A. Well, photographs were taken at various stages. The scalp was pulled forward in order to demonstrate the wound of entrance. And then the scalp was reflected to show the magnitude of the wound and more or less the direction of the bullet, and then to remove the brain.

Q. Just so I'm clear--and we'll be looking at the photographs in a few minutes, and you can maybe clarify it there. But at least with some of the photographs, is it your testimony that the scalp was pulled in a way different from how it was when you first saw it in order to better illustrate either wound of entry or exit?

A. Yes. The scalp was essentially loose. In the usual autopsy, you have to cut underneath the scalp in order to reflect it. In this case, the scalp was mobile so that you could pull it forward to obscure the wound or pull it back to make the wound completely lucid.

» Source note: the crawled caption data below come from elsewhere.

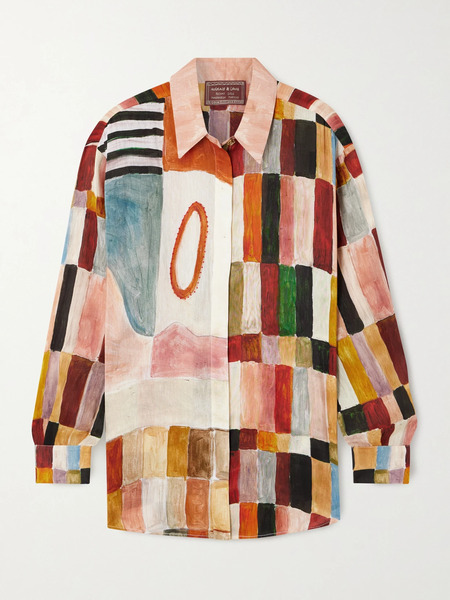  Alémais Alémais - + Lrnce Majorelle Printed Linen And Silk-blend Shirt - Brown 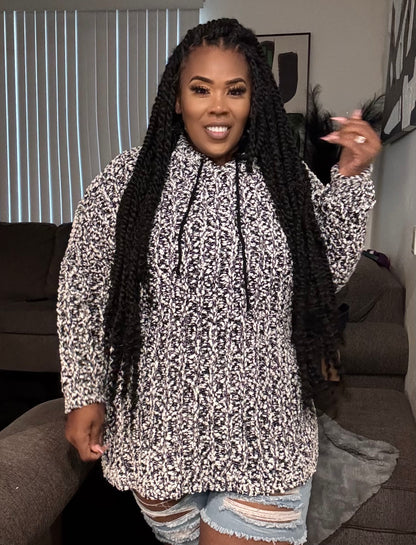 PLUS SIZE POPCORN TUNIC HOODIED SWEATER -BLACK/WHITE MIX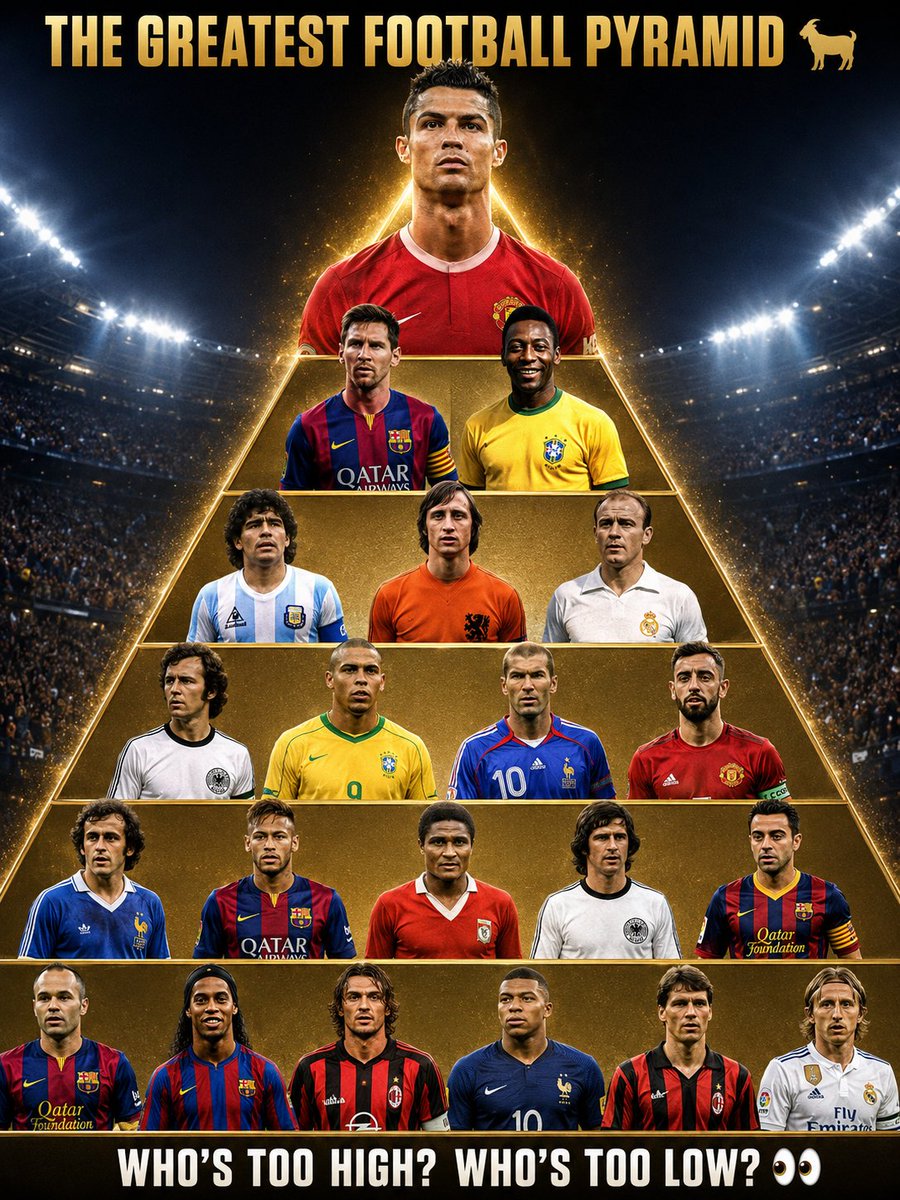 OginiSolomon's tweet photo. This is my pyramid of all time greatness in football. Cristiano Ronaldo is the greatest football player of all time and it's not close🐐🐐🐐 https://t.co/F6nm7AUFQ8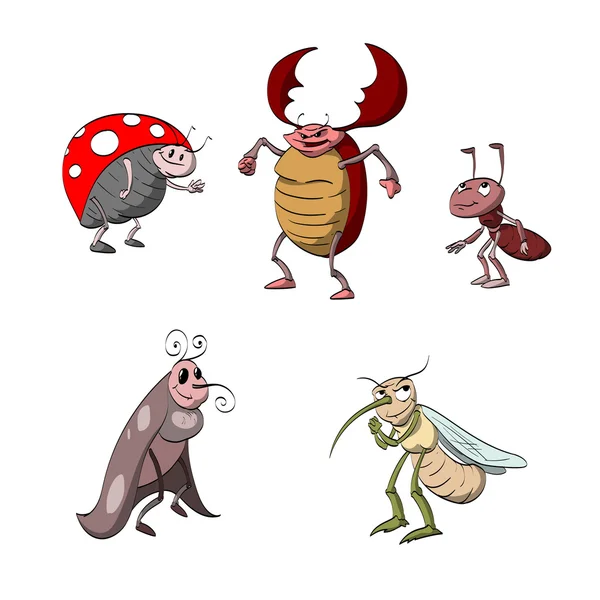 Conjunto de bugs de desenhos animados —  Vetores de Stock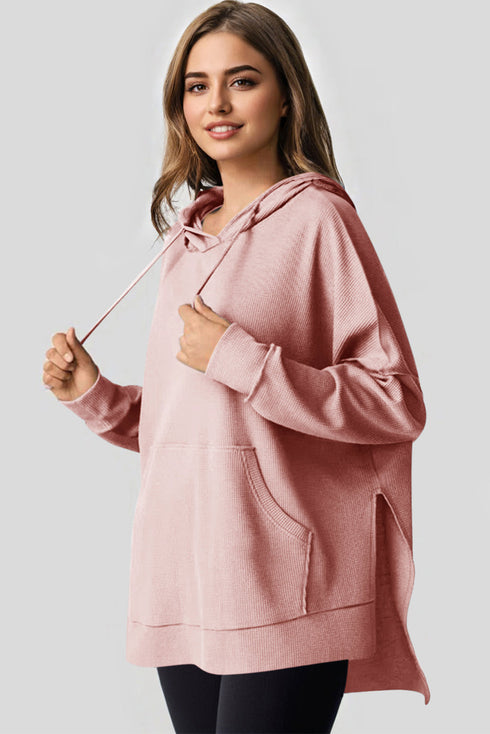 Relaxed Textured Waffle Knit Kangaroo Pocket Hoodie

Q. Okay. Was the hair cleaned in any way for purposes of the photographs?

A. No, I don't think so. There was not a lot of blood, as I remember, and I think he had been pretty well cleaned up in the operating--in the emergency room. And I don't think we had to do much in the way of cleansing before we took photographs.


...

A. There was a big wound sort of transverse up like this from left posterior to right anterior. The scalp was separated, but it was folded over, and you could fold the scalp over and almost hide the wound. When you lifted the scalp up, you could really lay it back posteriorally, and there was a lot of bone still attached to the scalp but detached from the remainder of the skull. And I think these parts back here probably reflect that.